Limitations & Future Work

  • SSAH is necessary but not sufficient: The authors acknowledge probes verify implications of the hypothesis but don't strictly prove it; subtler changes may exist.
  • Step-wise re-evaluation overhead: The ideal solution of re-evaluating direction at every step would introduce inference costs.
  • LLaMA3 constraints: Due to resource limits, only the first 12 blocks were frozen in LLaMA3, yielding less dramatic results than LLaMA2.
  • SFT focus: Behavior under RLHF/DPO was not explored.
  • Future Work: Combine SCU/RU identification with LoRA to design "safety-aware LoRA"—placing adapters only on RUs.
  • vs. Wei et al. (2024): They identify safety-critical components at the weight level; this work operates at the neuron level with finer granularity and more thorough validation of freezing strategies.
  • vs. SafeDPO: SafeDPO constrains safety via training objectives; this work starts from model structure.
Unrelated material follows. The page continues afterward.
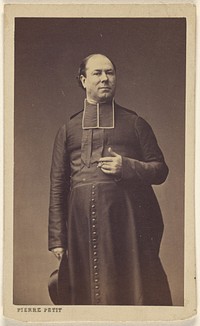 Unidentified clergyman standing, holding a hat by Pierre Petit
These are complementary—using SSAH for unit identification and SafeDPO for objectives.
  • vs. AlphaSteer: AlphaSteer uses null-space constraints for rejection steering. This is similar in goal to the freezing strategy but approaches it from a different angle.

Rating

  • Novelty: ⭐⭐⭐⭐⭐ The SSAH hypothesis is highly original and insightful.
  • Experimental Thoroughness: ⭐⭐⭐⭐ Multiple models and benchmarks, though LLaMA3 experiments were somewhat limited by compute.
  • Writing Quality: ⭐⭐⭐⭐⭐ Clear logic, progressing naturally from hypothesis to validation to application.
  • Value: ⭐⭐⭐⭐⭐ Provides a theoretical foundation for understanding safety alignment and designing efficient training strategies.